Future of Coding History

Tomas Petricek 2024-10-01 23:59:57

This is a very random thought - but something that I've been occasionally wondering for some time now. If we have lambda calculus as a model of functional languages and Turing machines as a model of imperative languages, what would be a good model for programming systems that have "document" as the basic underlying structure (Subtext is an example of this) - i.e., you have some tree structure and the program evaluates by modifying this document - appending new things or rewriting evaluated bits. (Lambda calculus itself is basically a tree, but what if this also allows imperative document edits?)

Could this be something like a "Turing machine" that works on trees rather than tapes? There would be "current location" which can move in various ways around the tree and modify it. If your document has references (perhaps you can have ../../foo to refer to foo of a parent of a parent), the machine would have to somehow walk up the tree, remembering that it wants to copy a value back to the original location - and then walk over the tree back to put the value in place of the reference).

Is this something completely silly or something that lots of people have already done but under different names?
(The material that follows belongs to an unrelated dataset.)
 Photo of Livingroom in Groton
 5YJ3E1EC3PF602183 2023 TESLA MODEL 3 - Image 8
Jimmy Miller 2024-10-02 03:30:27

I might be missing some nuance here. But what you are describing sounds to me pretty similar to term or graph rewriting systems. en.m.wikipedia.org/wiki/Rewriting#Term_rewriting_systems They are Turing complete formalism. And there has been plenty of working using them for transforming documents, but also general evaluation. They do work exactly as you described. You have a tree structure and you modify it by rewriting things.
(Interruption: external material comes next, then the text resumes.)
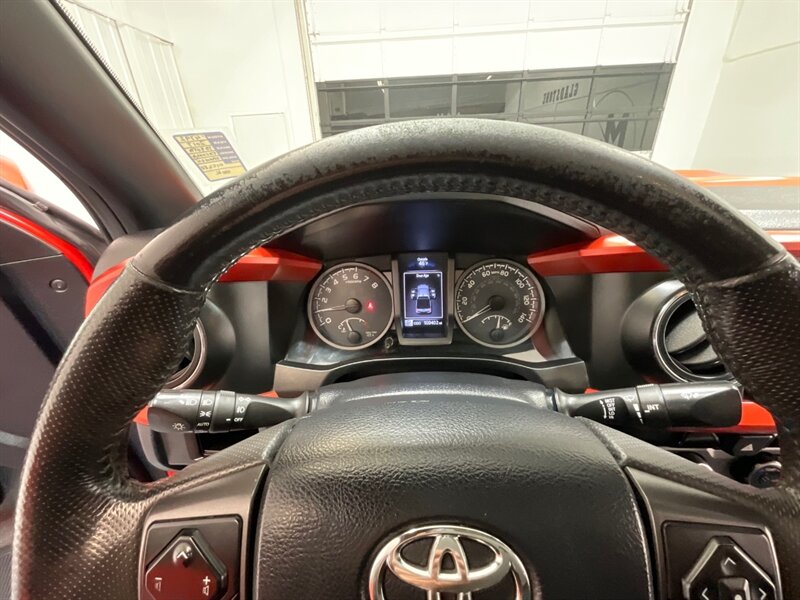 2017 Toyota Tacoma TRD Sport Double Cab 4X4 / V6 / LONG BED/NEW TIRES / Navigation & Backup Camera / Sunroof / Blind Spot Alert / ZERO RUST - Photo 39 - Gladstone, OR 97027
Konrad Hinsen 2024-10-02 05:32:27

Supporting Jimmy Miller's suggestion because that's exactly how my Digital Scientific Notation works. It's a term rewriting system embedded in a Wiki-like graph of cross-linked pages.
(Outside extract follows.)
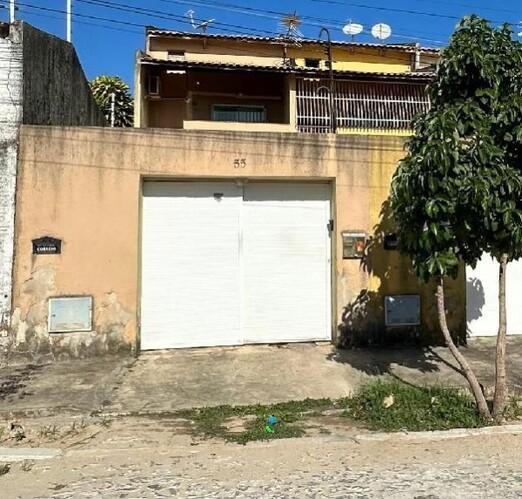 Casa com 3 quartos, 3 banheiros, 107,99m² área privativa, 1 vaga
Jack Rusher 2024-10-02 06:04:05

Note also that Lisp was originally conceived of as an automated form of term rewriting, the keyword “lambda” having been borrowed based on an incomplete understanding of Church’s paper. The first Lisp that was actually based on the lambda calculus was scheme.

Duncan Cragg 2024-10-02 08:23:56

you're getting some "already done under different names", so I'll add mine! my PL is really just a graph rewriter.

Kartik Agaram 2024-10-02 14:35:46

@Robin Allison's 💬 #linking-together@2024-09-25 seems tantalizingly related, but breaks my brain to think about..

[September 24th, 2024 11:54 PM] robinps2: Hey future of coding folks,

I want to advertise the idea of non-abelian spreadsheets. The idea has slowly drifted into the center of my thinking this last year. I'm not sure if its a good idea or not. It kinda depends on how you build on it. So for now I just want to convey the general idea.

Picture in your mind a normal spreadsheet. In some sense it is 'abelian' (commutative) because from any cell going down and then right is the same as going right and then going down. If we make it non-abelian, so the order we go right and down matters, we get something like the picture attached below.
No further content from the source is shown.